だが、そろそろ地下も五階分近く降りてきた。歴戦の戦士である彼らにも疲労が見え始めてきた‥‥その時だ。
「キャアア!!!」
絹を裂くような悲鳴が冒険者達の耳に響いた。同時に足元に開いた黒い穴に仲間が吸い込まれていくのが見える。
「レピア!」「お姫さん!」
手を差し伸べて彼らは助けようとした。しかし、それは叶わなかった。
時間にして瞬きする間。彼らも足元に生まれた闇に吸い込まれたからだ。
ほんの一瞬の隙。彼らはパーティ、から一人一人の冒険者となって、底知れぬ闇に落ちていった。
目を覚ました、という言葉は正確ではなかった。
彼女の目はその時、完全に見開いていたからだ。
意識が覚醒し、彼女が周囲を認識した時。彼女は自分自身の心が身体から離れているのを感じていた。
「美しい‥‥ですわね。魔王様は殺せと仰せでしたが‥‥こうしておけば何もできませんから、きっとお許しくださいますわよね」
そう言うと、目の前の存在が彼女を、彼女の肉体を舐めるように見つめる。止めることはできない。
何故なら見つめられている彼女の肉体は、一糸纏わぬ全裸のまま、石化されていたからだ。
指の一本、髪の一筋さえ、思うようにはならない。
(「何をしようとしているの? 私を‥‥返して!」)
心は必死に抵抗する。だが、身体は抗うことなく目の前の存在に弄られて‥‥。
「もう、貴女は私のものですわ‥‥さあ、いらっしゃい‥‥地の精霊より永遠の祝福を‥‥」
冷たい石のキスを地の精霊は思う様味わっている。感覚の無い身体がおぞましさに震える。
(「誰か、誰か助けて!!」)
誰にも聞こえるはずの無いそれは叫びだった。

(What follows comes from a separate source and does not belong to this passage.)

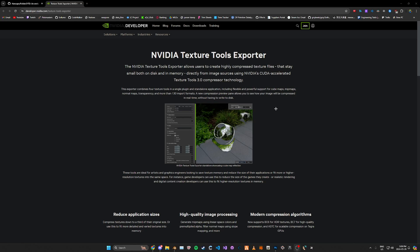Today's going to be a short tutorial on how to properly save your textures as DDS format so they can properly work in game. There are many ways to do this, but there are two main methods that I would recommend.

だが、返事が返った。
「レピアを離せ!」
「ぐわあっ!!」
炎の魔法が、精霊の背を焼いた。続く風の刃が存在の腕を切り落とす。
そして‥‥一刀両断。背中に走った一文字の熱を感じることなく、精霊は倒れ、そして消えた。
「レピア‥‥、しっかりしろ!」
ゆっくりと、血の気を帯びていく身体に引き寄せられるように戻っていく途中、彼女の心は見た。
彼らを守るように側に付き、ここへと導いた存在を‥‥
(「あ、あれは‥‥」)
彼女は目を開けた。今度は身体の瞼がしっかりと開かれる。
「大丈夫か? 怪我は無いか?」
吟遊詩人が素早く裸の彼女の肩にマントをかける。それで身体を覆うとはい。と彼女は頷いた。
「誰かに呼ばれるように感じてここについたの。間に合って良かったわ」
「ああ、もうあんなことはゴメンだからな」
「ありがとう‥‥本当に怖かったわ」
気遣ってくれる仲間達。
ワザと甘えるように彼女は縋った。
少しでも、引き離したかった。確認したかったのだ。
誰に‥‥何を?
自分の心の中に生まれた闇を彼女は感じていた。
「フフフ‥‥、いい感じね。なら‥‥もう少し後押ししてあげようかしら‥‥」
突然現れた気配に、冒険者達は身構えた。
視線の先には宙に浮かぶ精霊が‥‥。
「私たちの仲間を次々と倒してくれてありがとう。お礼に私からの祝福をあげるわ」
「「「「えっ?」」」」
彼らの周囲を黒い魔の影が取り巻いた。闇の蛇のように身体に喰いこんでくる。
それは、呪い。
冒険者達は強い意志で呪いを振り払った。ただ一人を除いて‥‥。
「レピア!」
魔の力が吸い込まれる寸前、それを引き剥がそうと不思議な白い影が周囲を飛んだ。だが‥‥
「や、止めて!」
弾き飛ばされた影が消える頃、呪いは完全に彼女を取り込んで完成した。
まるで、彼女自身が招きいれたように闇が彼女に吸い込まれて、消える。
バサッ!
崩れ落ちる彼女を魔法使いは抱きとめた。
「お前、一体何をしたんだ?」
剣を構えた剣士にその精霊は、魔の精霊は嬉しそうに‥‥教えてあげる。と笑った。
「呪いをプレゼントしたの。彼女は今後月と、星の輝きを知ることは無いでしょう」
「貴様!」
投げられた剣は空を切って壁に突き刺さった。
もう、精霊の姿はどこにも見えない。
4つめの石版を手に入れた。
一つ一つ、目的に近づいている。だが‥‥
苦しげに目を閉じた少女を見つめ、彼は唇を噛んだ。
喜ぶことはまだ出来そうになかった。
(「ルディアに聞かせたら、また、泣いちゃうわね。彼女は太陽の下以外では石化する呪いをかけられた。なんて‥‥」)
あの後、彼女は『レピア』を前にも増して憎ようになった。いや恨むと言った方がいいかもしれない。
呪いをかけられた絶望は、今の自分には良く解る。
ただ、レピアにとって、彼女が自分自身を憎しみや苦しみで縛るのが、それを見ることしかできなかったのが何よりも辛かった。
冒険は、常に命の危険と隣り合わせ。時に死よりも辛い苦しみを味わうこともある。
時に、平和に暮らす人々の日常が羨ましいほどに。
でも、それでも人は旅を続ける。
レピアはルディアの残した本の最終ページを捲った。そこには幸せに微笑む冒険者達がいる。
敵と、運命と、そして何より自分自身と戦いながら人は旅を続けるのだ。
それぞれのハッピーエンドを目指して‥‥。